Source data
::::

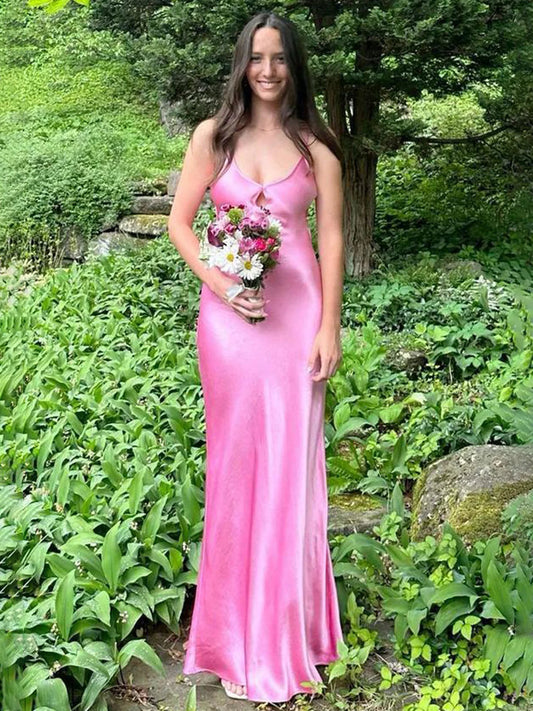 Stunging Mermaid V Neck Keyhole Pink Satin Prom Dress Gown LF1185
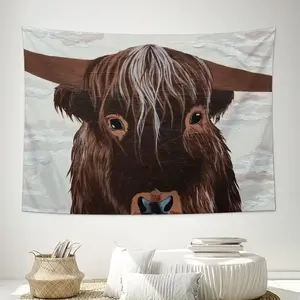 Bull - Red Bull Taurus Animals Buffalo Wild Wall Tapestry (Multi-Size, Horizontal)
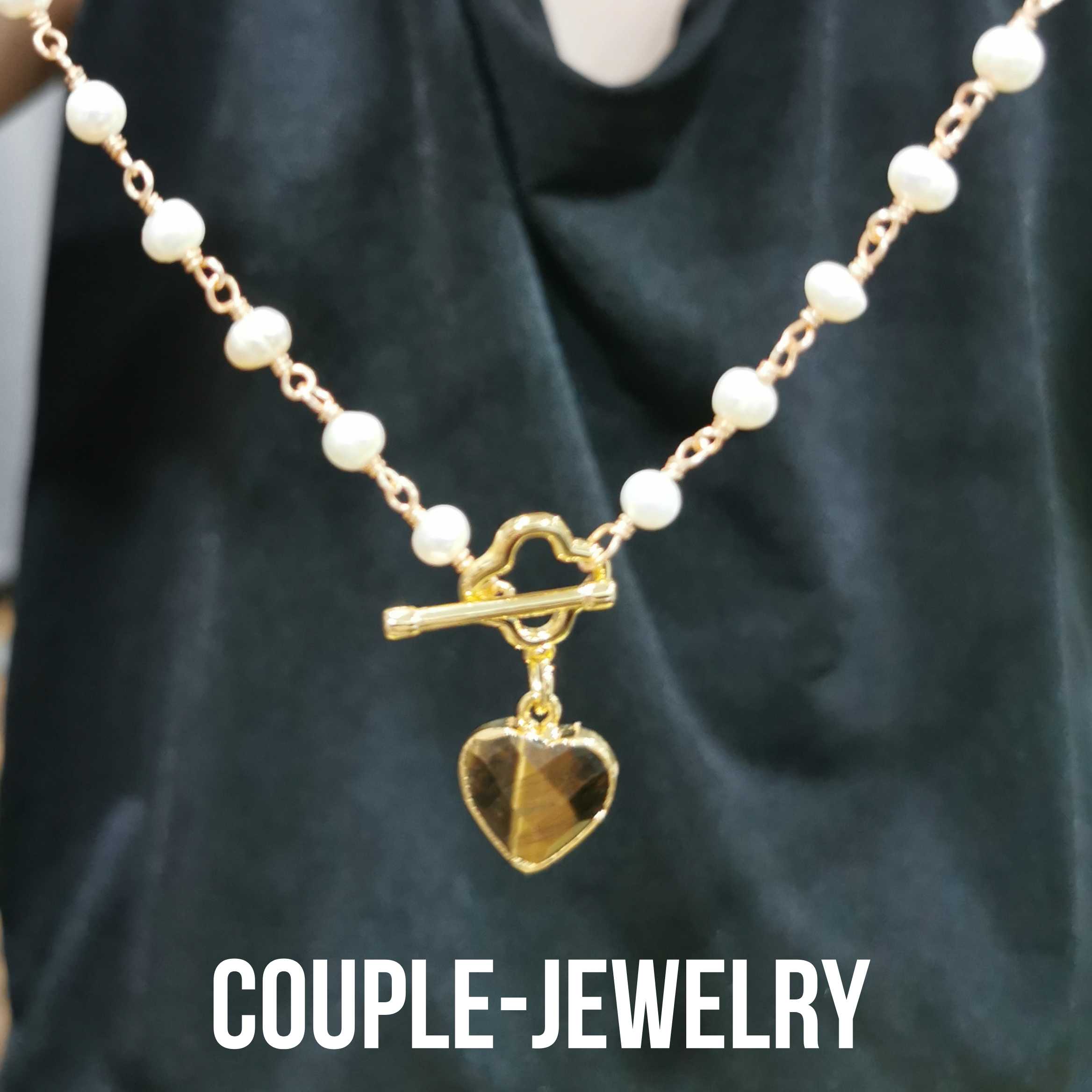 Couple-jewelry​: lovely pearl​ (Tiger​ eye)​
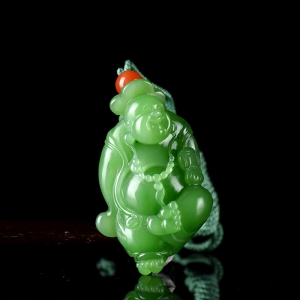 山料和田碧玉苹果绿弥勒佛吊坠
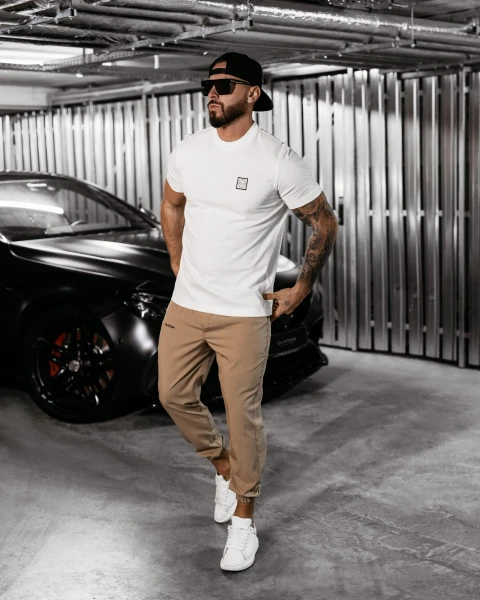 T-shirt męski OLAVOGA STONE 2025 ecru – maWer Fashion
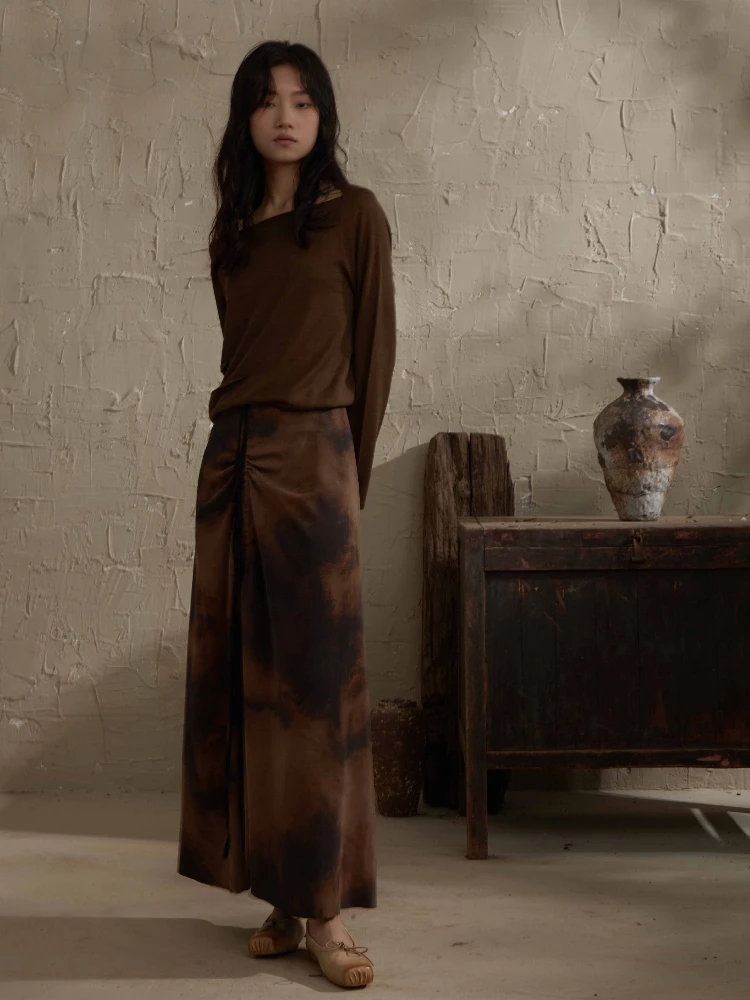 

High Waist Dyed Tie Silk Chiffon Long Skirt Coffee Color Print f Skirt Commute Sle Asymmetrical Gored Skirt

::::

## Task description:
Could the entries above be restated word for word, with the pictures left out?

## Exercise output:
 Stunging Mermaid V Neck Keyhole Pink Satin Prom Dress Gown LF1185
 Bull - Red Bull Taurus Animals Buffalo Wild Wall Tapestry (Multi-Size, Horizontal)
 Couple-jewelry​: lovely pearl​ (Tiger​ eye)​
 山料和田碧玉苹果绿弥勒佛吊坠
 T-shirt męski OLAVOGA STONE 2025 ecru – maWer Fashion

High Waist Dyed Tie Silk Chiffon Long Skirt Coffee Color Print f Skirt Commute Sle Asymmetrical Gored Skirt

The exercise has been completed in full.